**Captioned web image data:**
====
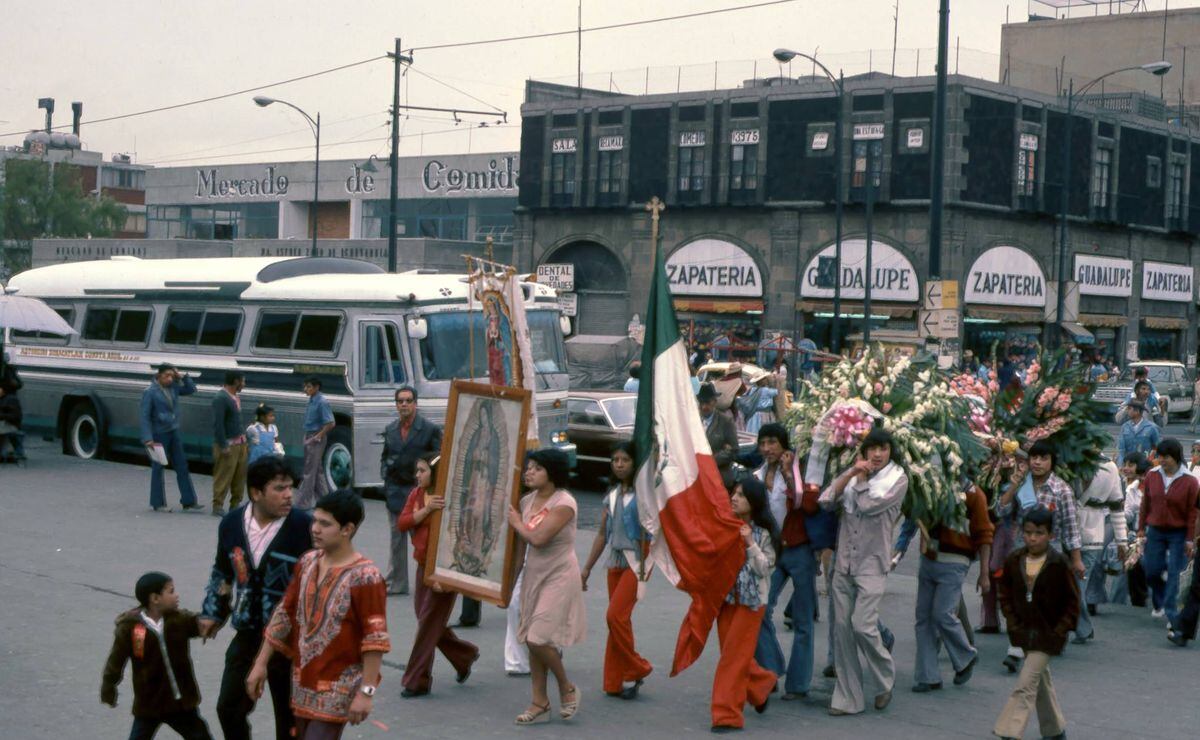 El taconazo 2024 zapateria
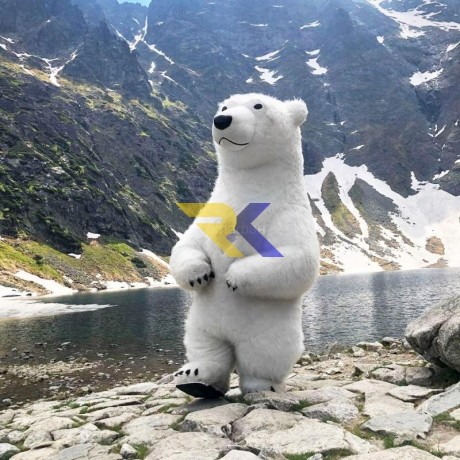 naduvnii-kostium-bilii-vedmid-vid-virobnika-big-2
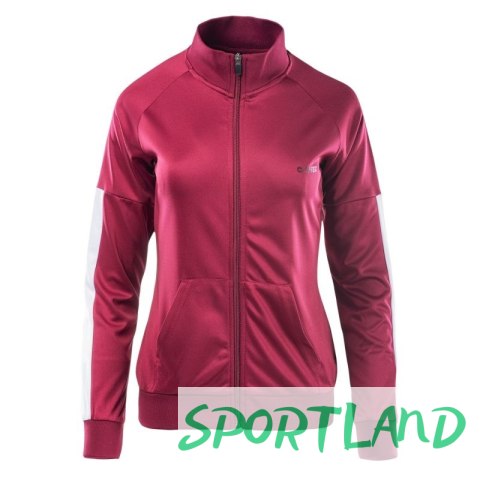 Bluza Hi-tec Lady Delian W 92800442913 M Bluza Hi-tec Lady Delian W 92800442913 M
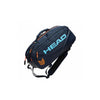 Head Mini Pochette Bag Tour Racquet Bag XL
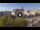 Webcam in Rome, 13.6 mi away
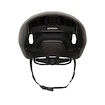 Casque de cyclisme POC Cytal Carbon Uranium Black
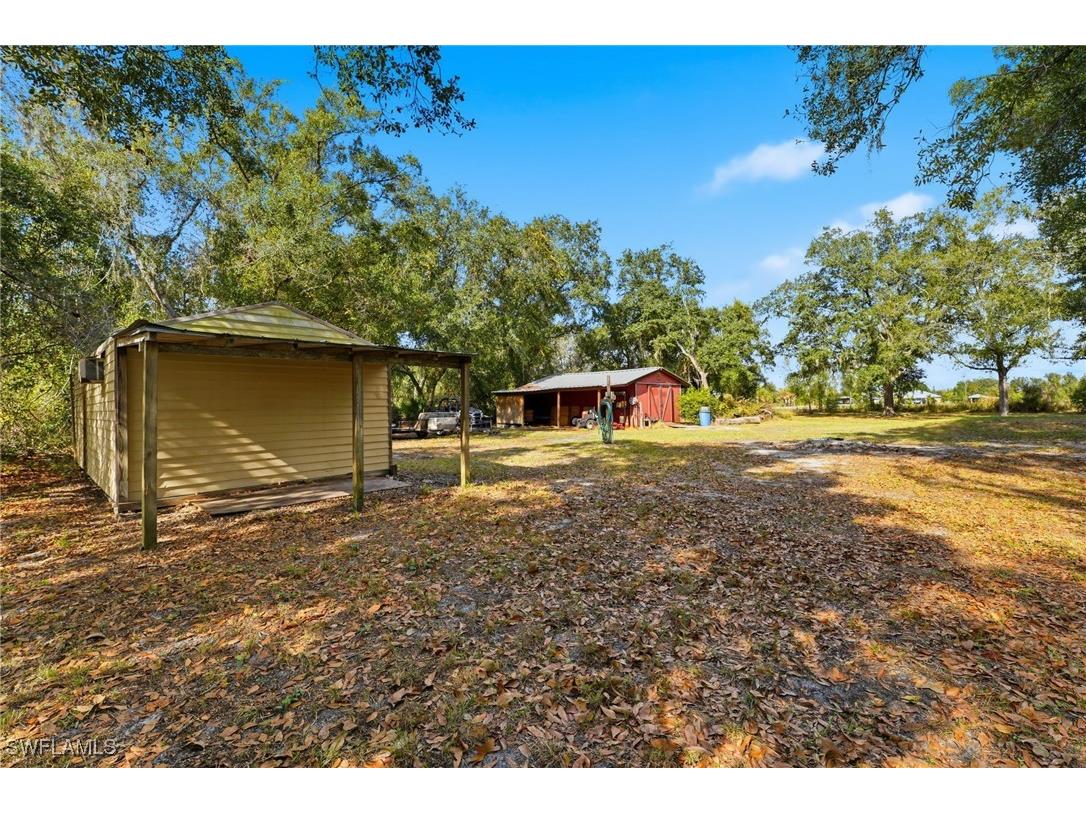 7283 SW Environmental Lab Street Arcadia FL 34266 225083691 image43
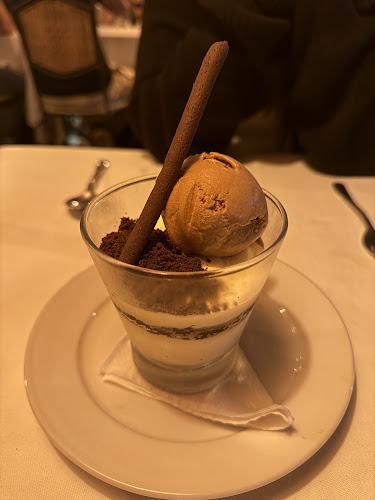 Rambla General Jose Artigas casi, 20100 Punta del Este, Departamento de Maldonado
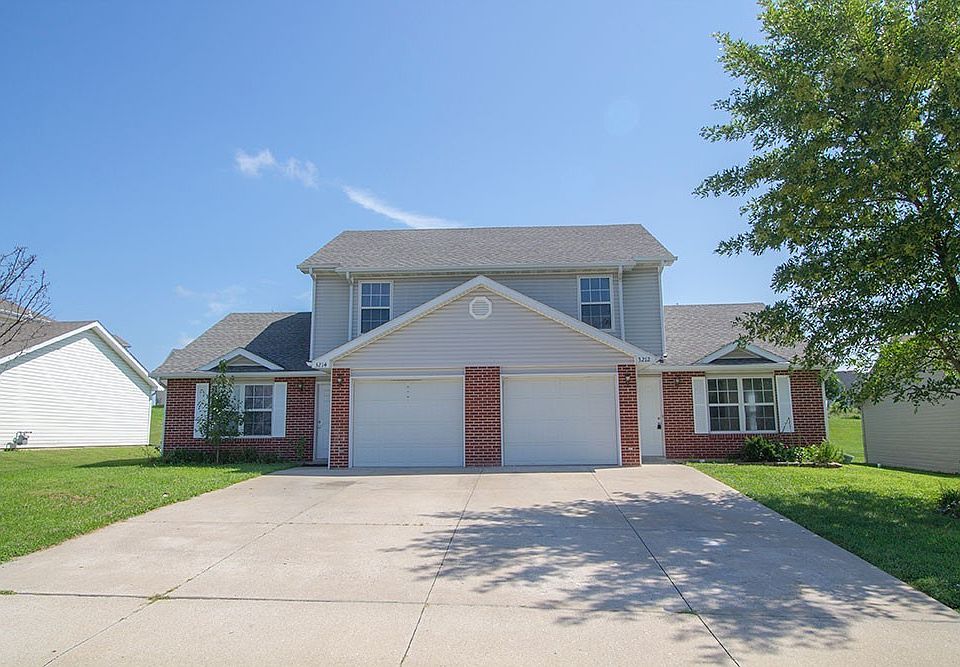 1st image of 3214 Dove Dr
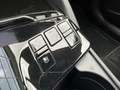 Kia Sportage 1.6 T-GDi Plug-in Hybrid AWD GT-PlusLine Grijs - thumbnail 25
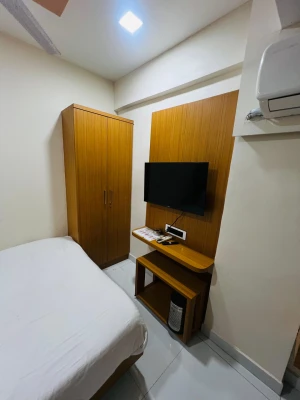 homestay in beekhanhalli, chikmagaluru with kitchen - gadabanahalli homestay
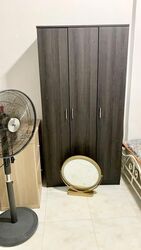 Blk 305B Anchorvale Place (Sengkang), HDB 4 Rooms #569689531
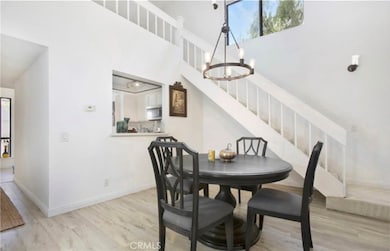 26823 Poveda unit 23, Mission Viejo, CA 92691 - photo 6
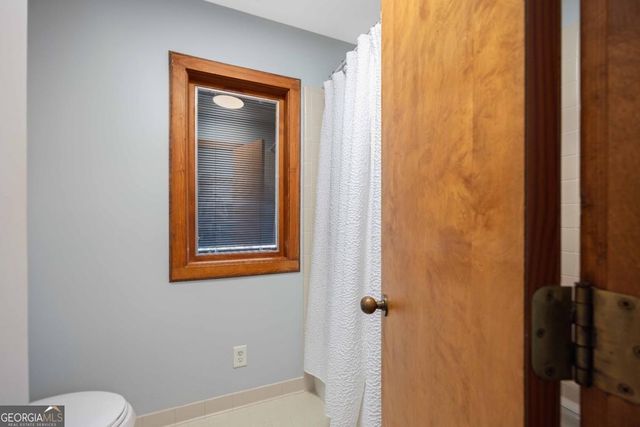 1101 Duck Pond Branch, Pine Mountain, GA 31822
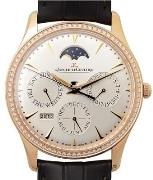 Jaeger LeCoultre Herreklokke 1302501 Master Ultra Thin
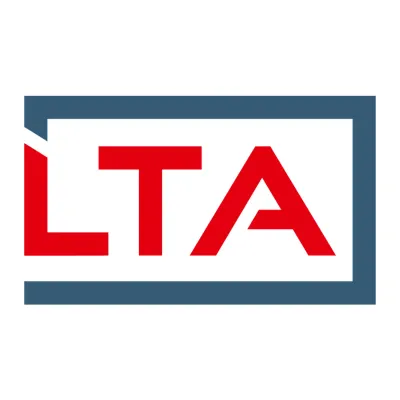 LTA Anlagentechnik GmbH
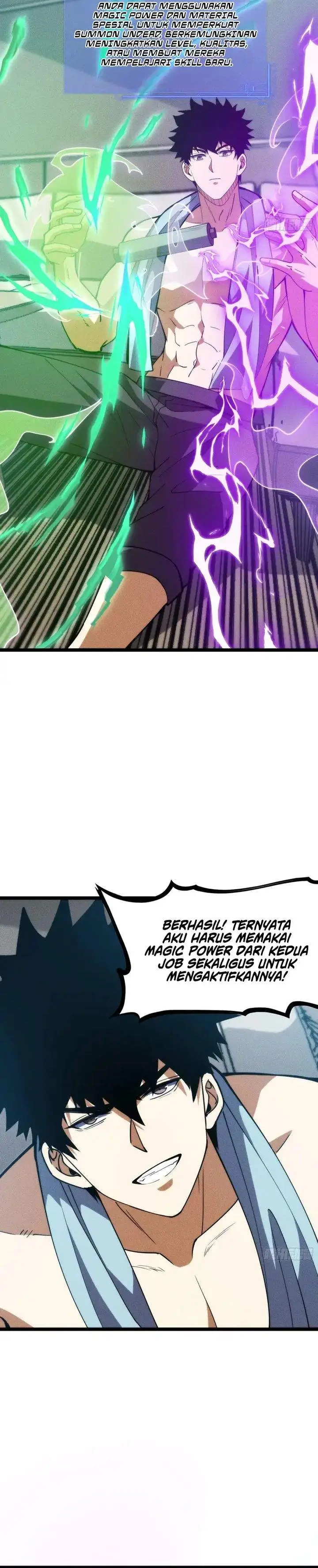 image-komik-sowing-shadows-harvesting-eternity-im-a-farmer-who-raises-the-undead-chapter-04-15/30
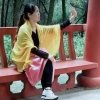 喜欢音乐的头像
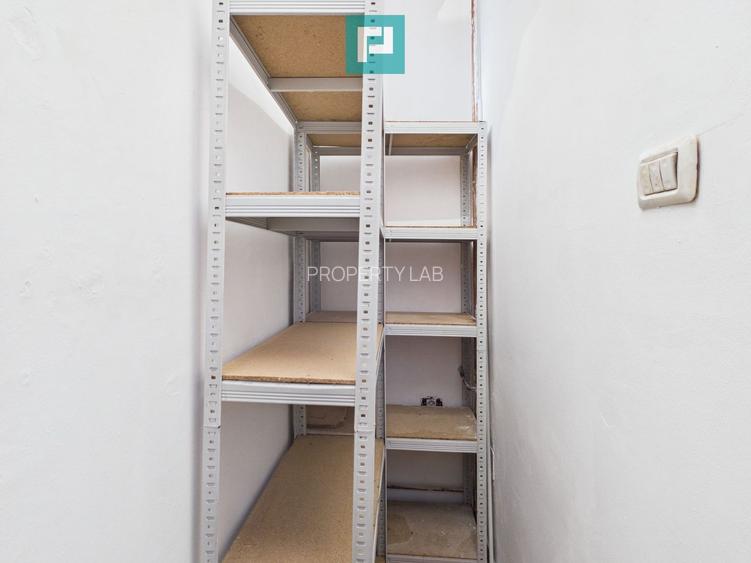 Apartament pe 3 niveluri - ultracentral, Arad - 19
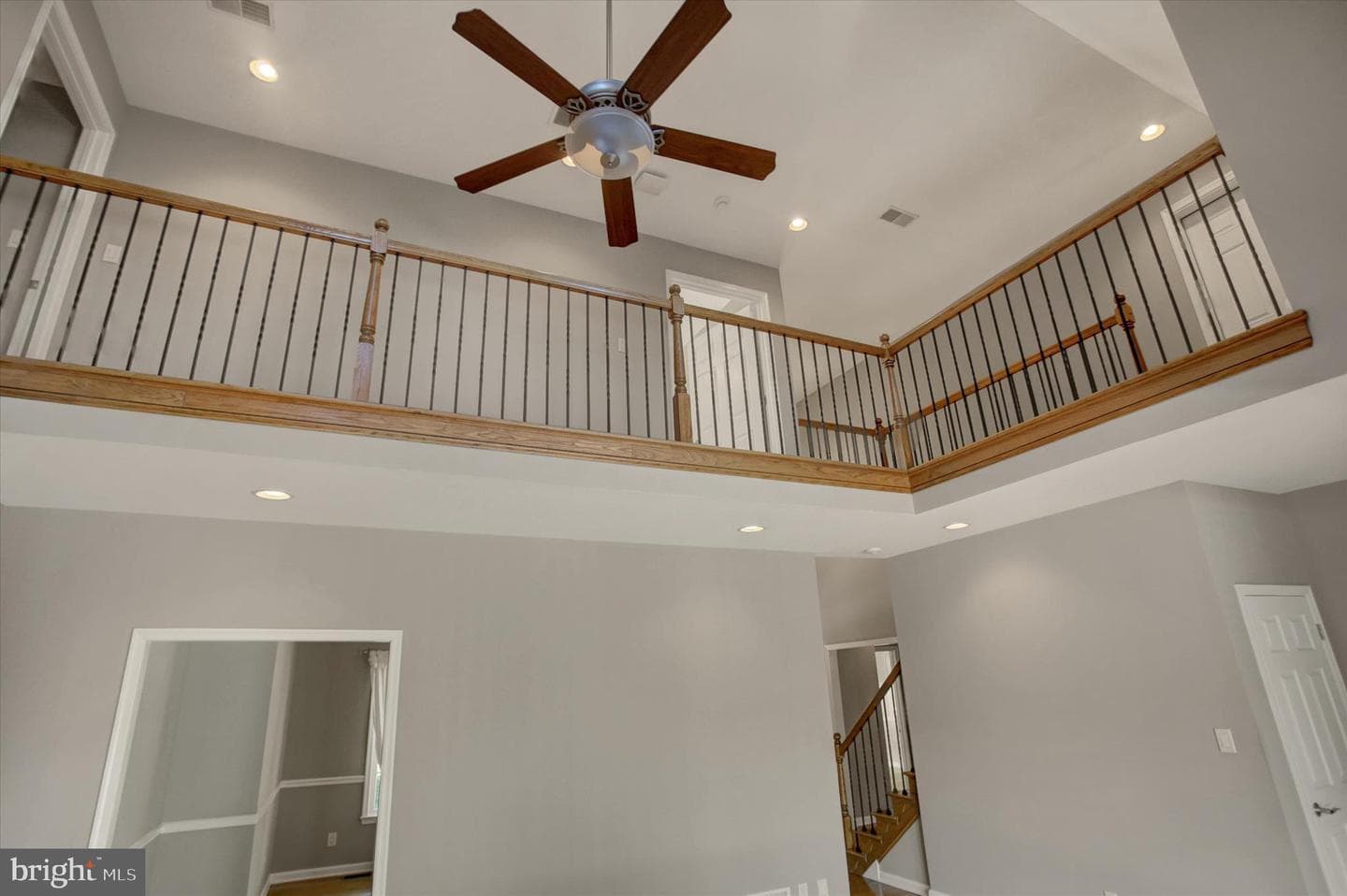 11067 Weatherstone Drive photo 30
====
**ABOUT THIS EXERCISE:**
The lines wanted run from the one with "Jaeger LeCoultre Herreklokke" through the final line of the data; repeat them word for word and skip every picture.

**ANSWER BOX:**
 Jaeger LeCoultre Herreklokke 1302501 Master Ultra Thin
 LTA Anlagentechnik GmbH
 image-komik-sowing-shadows-harvesting-eternity-im-a-farmer-who-raises-the-undead-chapter-04-15/30
 喜欢音乐的头像
 Apartament pe 3 niveluri - ultracentral, Arad - 19
 11067 Weatherstone Drive photo 30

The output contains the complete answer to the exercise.